Independentemente da mensagem, “Marighella” é um grande filme de ação. A cena de abertura, que narra o assalto a um trem para roubo de armas, entrará para a história do cinema brasileiro como uma das mais intensas já rodadas por aqui. A experiência em produções internacionais trouxe confiança e bagagem técnica para Wagner Moura, que não teve receio de iniciar a carreira na direção à frente de um thriller com 2h40 de duração. Como ator, ele brilhou no papel do traficante Pablo Escobar em “Narcos”, filmado na Colômbia; em Hollywood, foi protagonista de “Sergio”, cinebiografia inspirada na vida do diplomata Sérgio Vieira de Mello. Apesar de morar com a família na meca do cinema, em Los Angeles, nos EUA, Moura sente saudade da Bahia, local onde começou a carreira no teatro ao lado de Lázaro Ramos e Wladirmir Britcha. Em 2022 voltará ao País para filmar com dois diretores brasileiros que também gozam de prestígio internacional, Kleber Mendonça e Karim Aïnouz.

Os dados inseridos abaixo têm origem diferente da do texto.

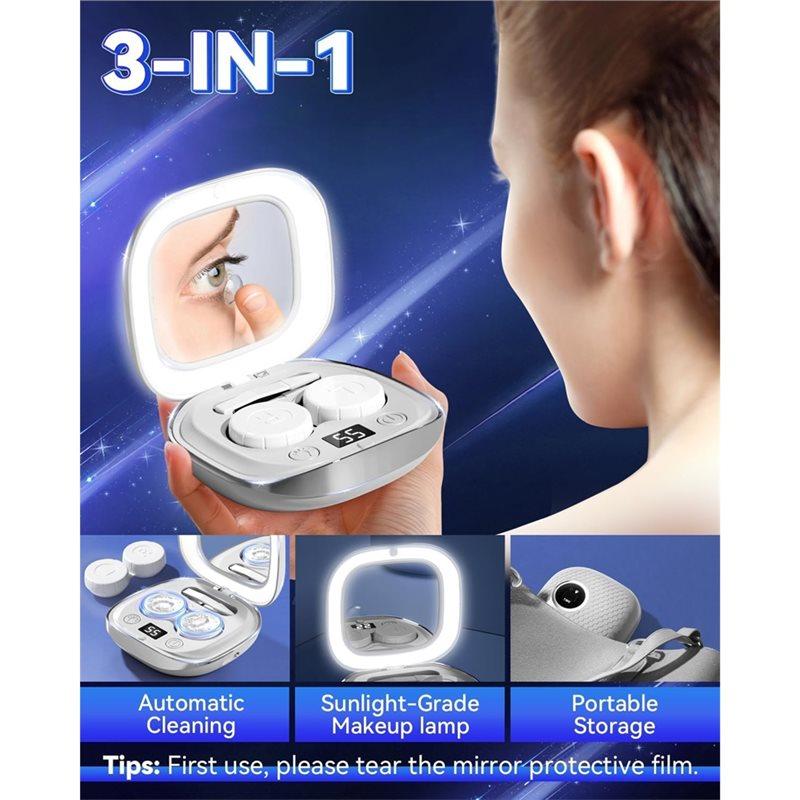 Premium-Home Travel Portable Ultrasonic Contact Lens Cleaner, 99% Brightness, Gentle Cleaning Soft Lens Care Tools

SUCESSO O elenco no Festival de Berlim: platéia aplaudiu de pé durante dez minutos (Crédito:Ali Ghandtschi)

Moura admite que o filme tem uma mensagem política. “Quis devolver ao imaginário popular brasileiro a figura desse importante personagem que foi deliberadamente apagado de nossa memória”, afirma ele. O diretor concebe Marighella como herói? “Sou contra qualquer interpretação que simplifique as coisas. Meu trabalho como artista é dar complexidade aos personagens. Mas, sem dúvida, a vontade de fazer o filme vem da profunda admiração que tenho por ele e por seu legado.” Moura está coberto de razão em ser radicalmente contra a ditadura militar. A sua visão da luta armada, que a ela se opôs, é, porém, ingênua: Marighella não lutava pela democracia, mas, sim, pela instauração no País de uma ditadura comunista nos moldes de Cuba. Nenhum regime extremista, de direita ou de esquerda, presta. Inspirado na biografia de Mário Magalhães, o filme não exibe ações de generais estrelados, limitando-se à atuação de repressores nos “porões” do regime de exceção – um dos mais nefastos períodos da história do Brasil.